Michael Thayer mthayer at
Thu Nov 6 09:29:28 EST 1997

Steve writes:

>My perspective on what has been going on the last few days:
>Josef Mattes gave a list of 9 diverse mathematical subjects and asked
>me whether I would consider them foundational, i.e. within the scope
>of f.o.m[...].  In that case, my answer is that I wouldn't *automatically*
>consider these subjects foundational.  In each case, someone would
>first need to explain clearly and honestly, starting with concepts
>that are of obvious general intellectual interest, exactly how subject
>X is related to the most basic mathematical concepts, and exactly what
>is the general intellectual interest of subject X

I take this to mean that something could be foundational , but not
foundational for mathematics, and thus that both the fundamental nature AND
the relevance to mathematics must be shown.  Thus in most cases on Josef's
list, one could argue that we are seeing a mathematical result which
suggests some fundamental insight about the world (e.g.

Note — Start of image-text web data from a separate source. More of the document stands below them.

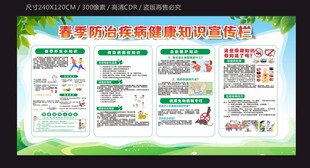 健康宣传栏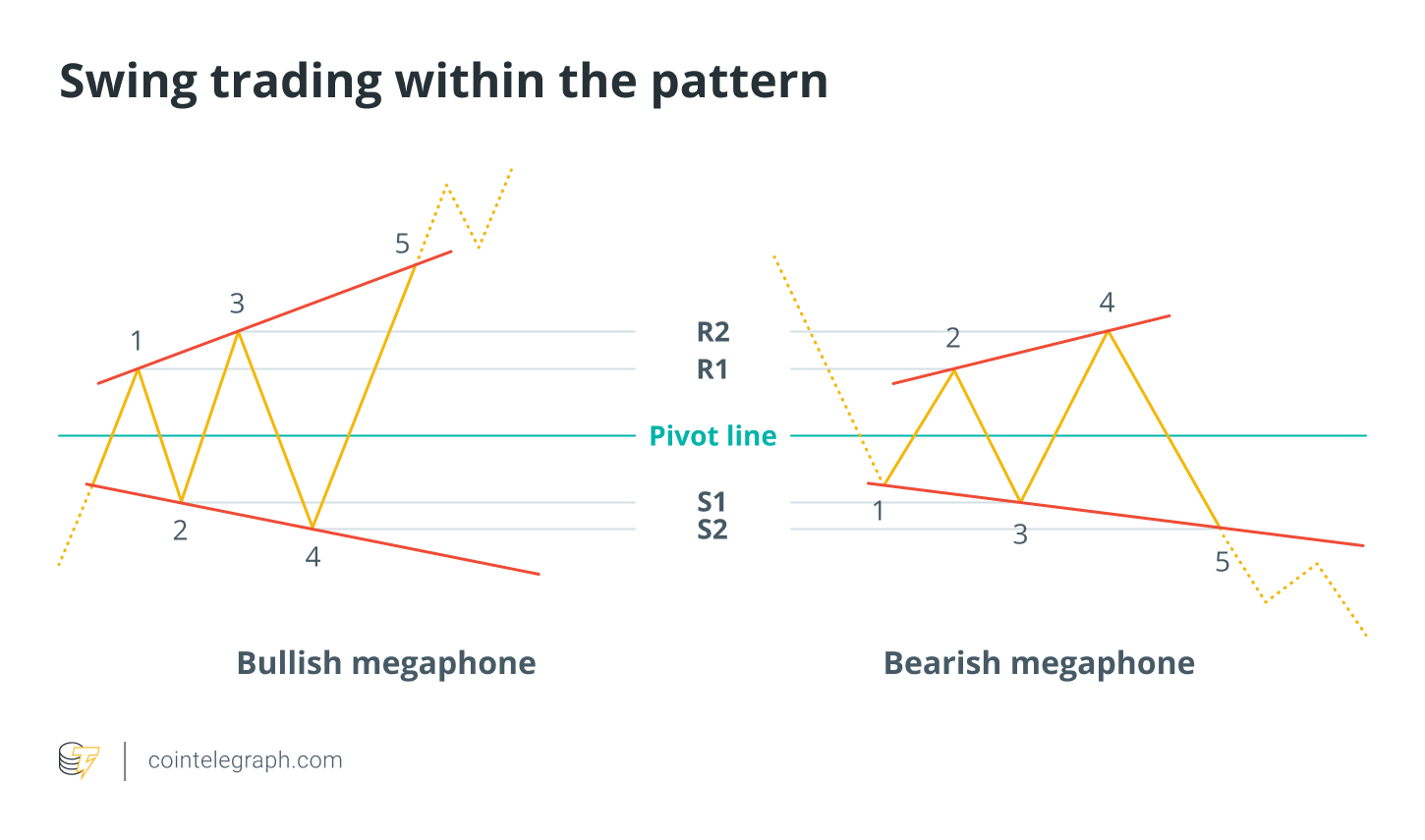 Swing trading within the pattern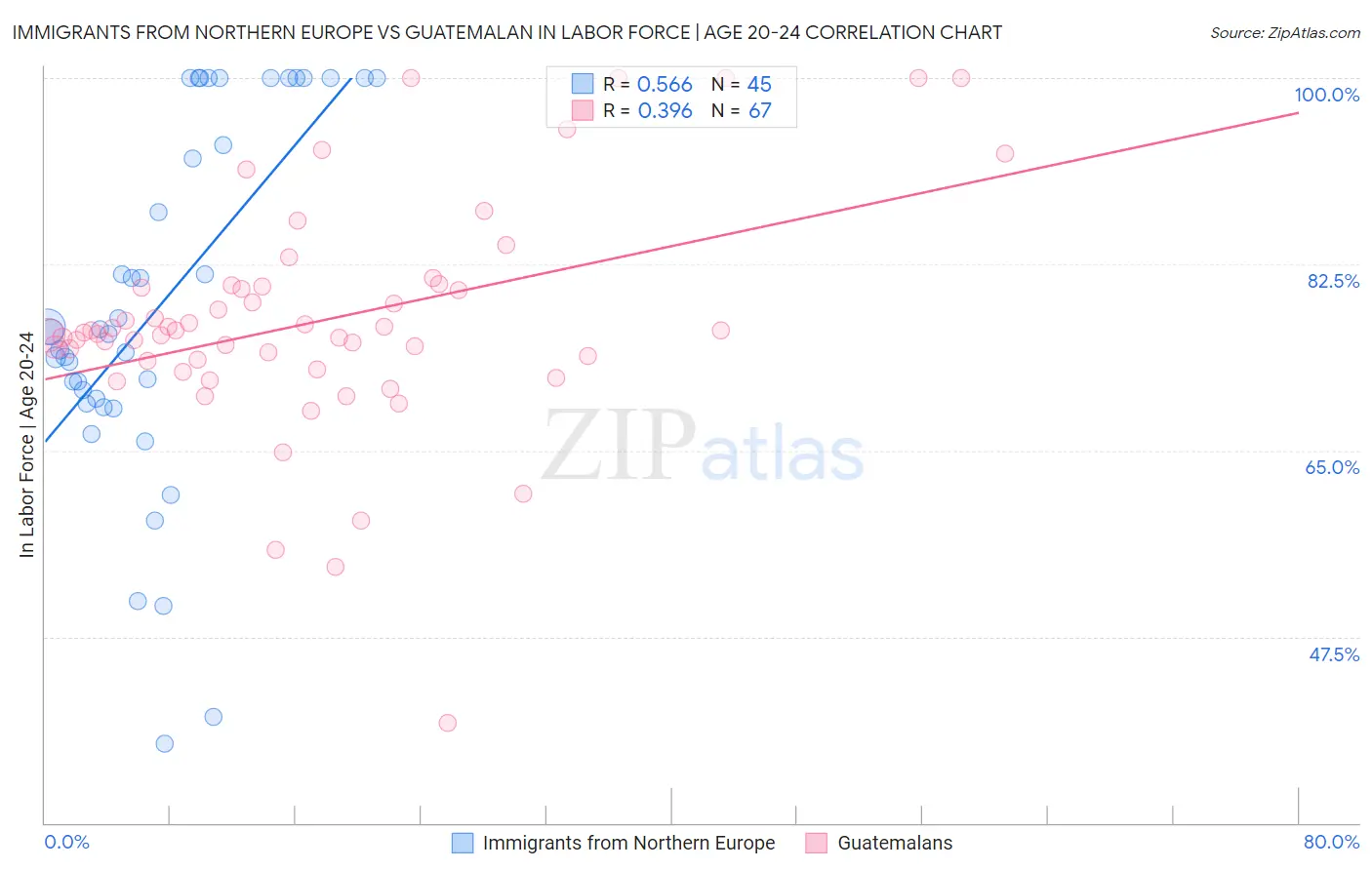 Immigrants from Northern Europe vs Guatemalan In Labor Force | Age 20-24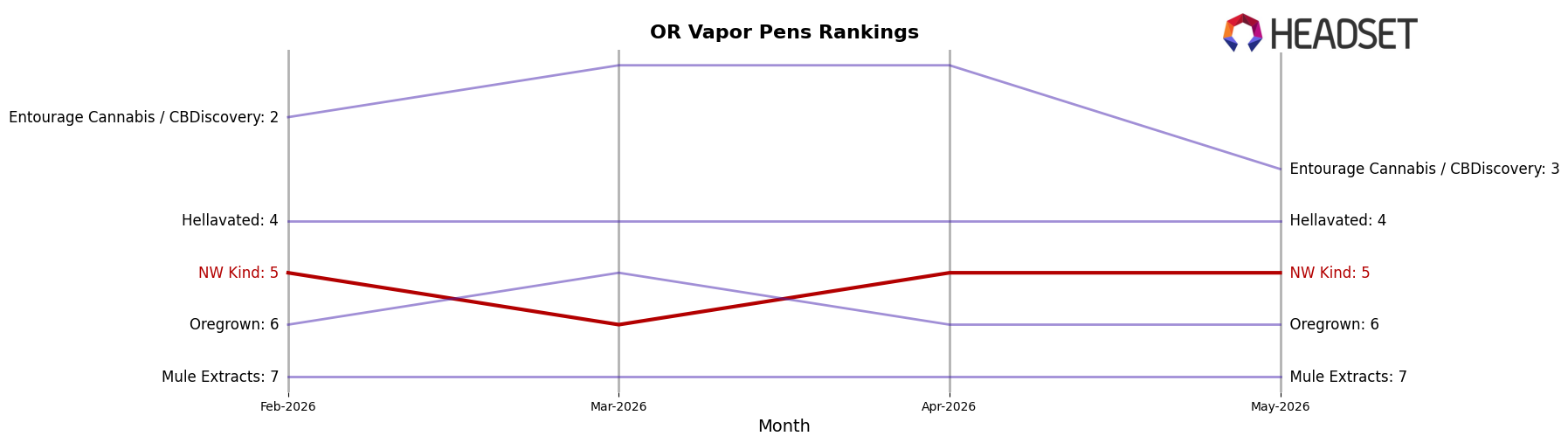 NW Kind market ranking for OR Vapor Pens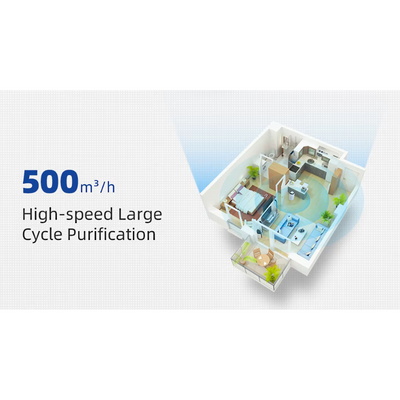 Oupal Air Purifier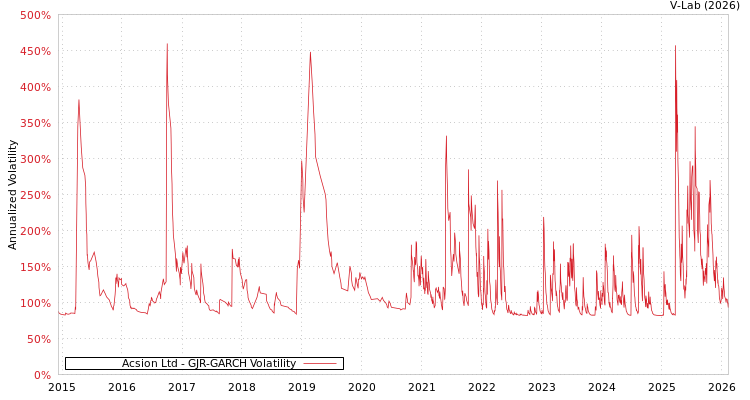 graph of Acsion Ltd GJR-GARCH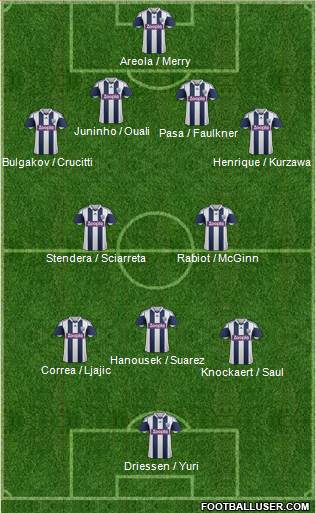 West Bromwich Albion Formation 2014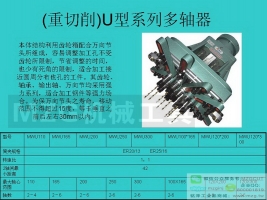 絲錐鉆夾頭,兩軸可調(diào)式T/U型圓型多軸器,立式桌式油壓鉆床攻牙機(jī)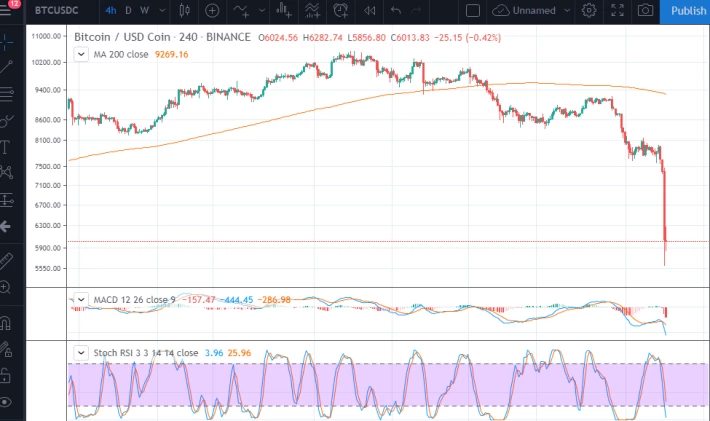 crypto crash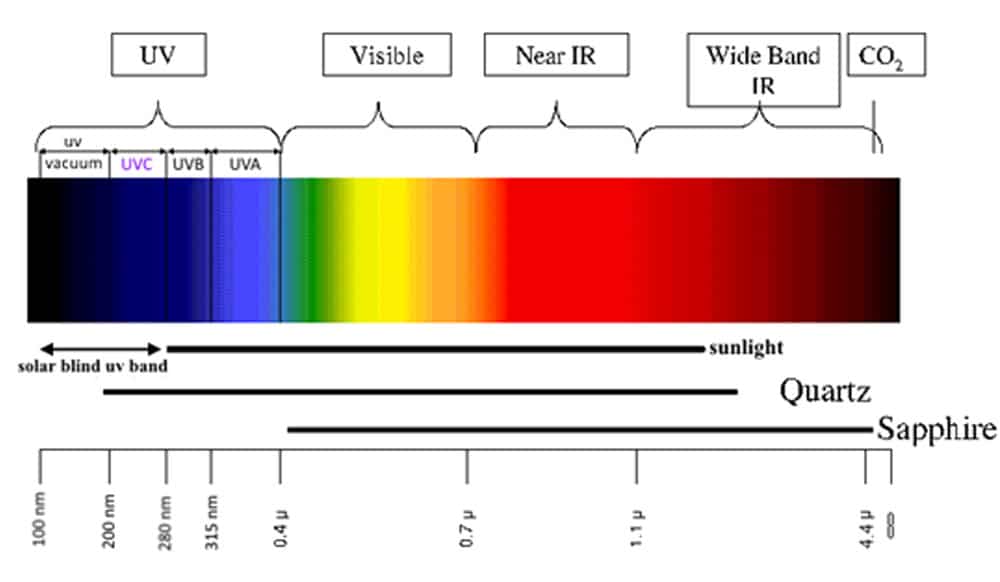 راهنمای انتخاب شعله‌بین (آشکارساز شعله)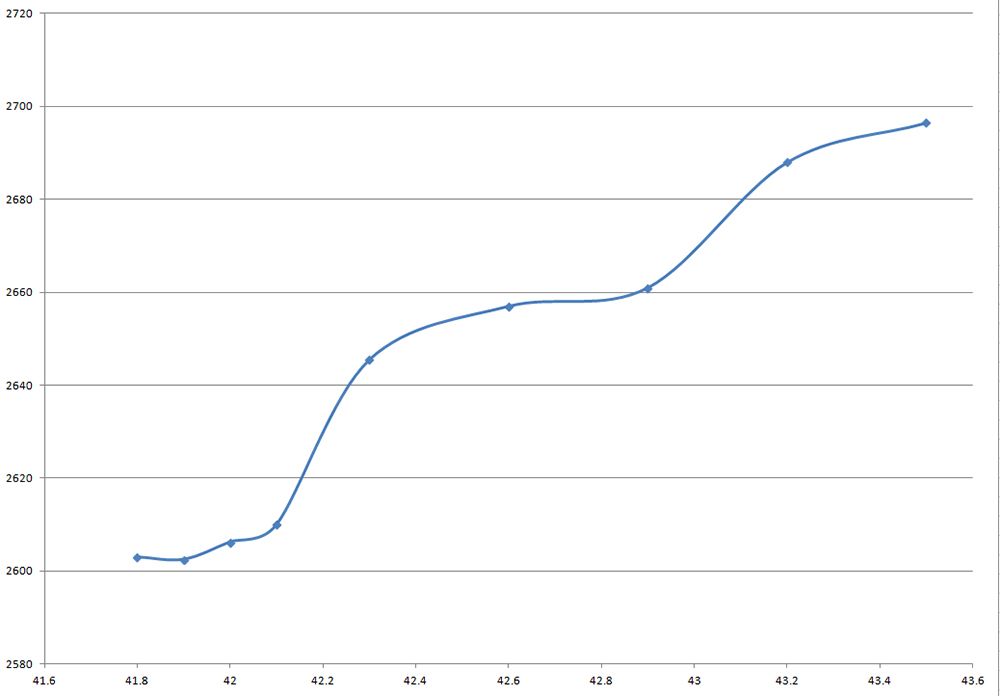 Trendline_zps98njj3kh.jpg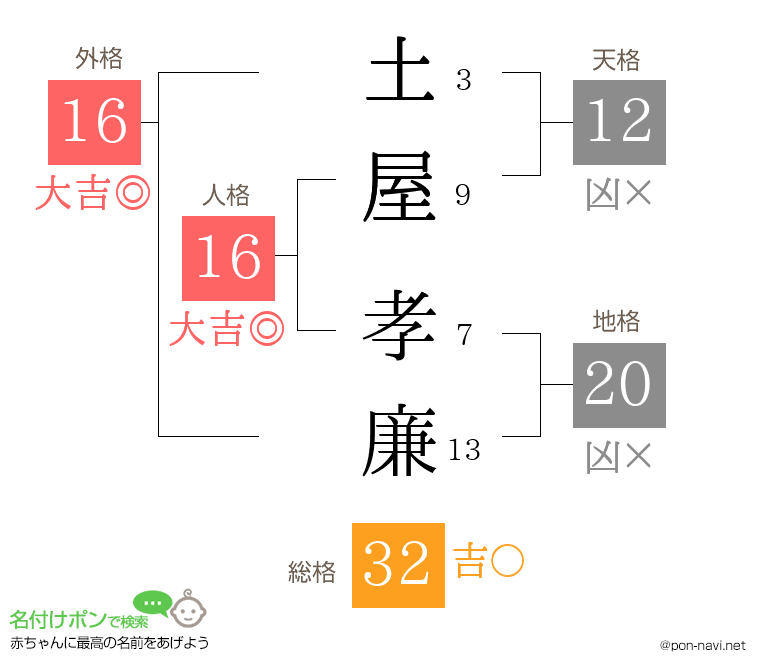 土屋 孝廉さんの姓名判断結果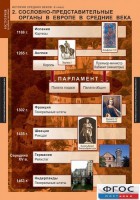 Комплект таблиц. История Средних веков. 6 класс. - fgospostavki.ru - Муравленко
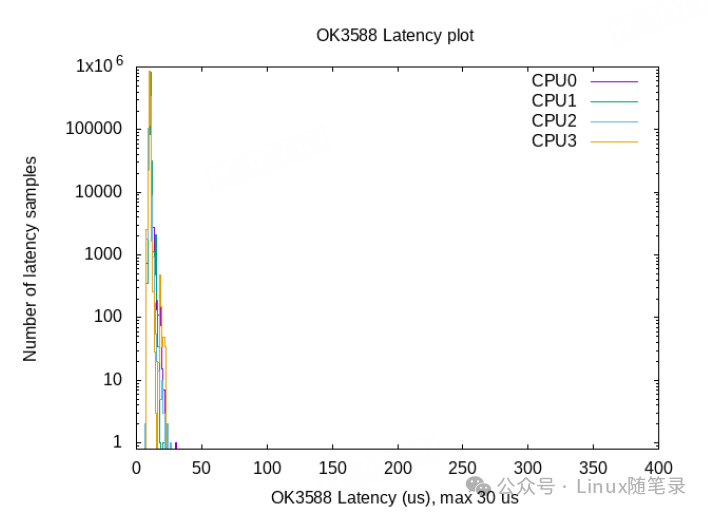 Ensuring Real-Time Performance in Embedded Systems Using Linux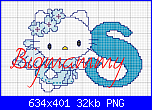 Alfabeto Hello Kitty Angelo Azzurro-s-hello-kitty-png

Goedel's
relativity model) but that this is fairly typical of applied mathematics,
and while these results MIGHT be fundamental for some other science (which I
find debatable for many on that list) they would still not be f.o.m.

This seems quite reasonable, but I do have a question about Steve's own list

  1. number
  2. shape
  3. function
  4. set
  5. algorithm
  6. mathematical proof
  7. mathematical axiom
  8. mathematical definition

It would seem that we could argue that the following are more fundamental
than any of these:

1. Difference
2. Structure
3. Congruence

My argument being that without the ability to distinguish different objects,
there is no need for number, that structure is necessary for thought, as
well as being sometimes thought to be the subject matter of mathematics, and
that congruence (in the sense of a congruence relation - "I will consider
these object to be identical for the purpose of studying these structural
relations) is what gives us our mathematical objects.

No you may wish to dispute these philosophical points (and you certainly
could find ammunition to do so), but GRANTING that I am correct, are these
concepts then part of your list, or would you say they were foundational for
some other area , say epistemology or psychology?

I would think there are limits to f.o.m. in BOTH directions.  Do you agree?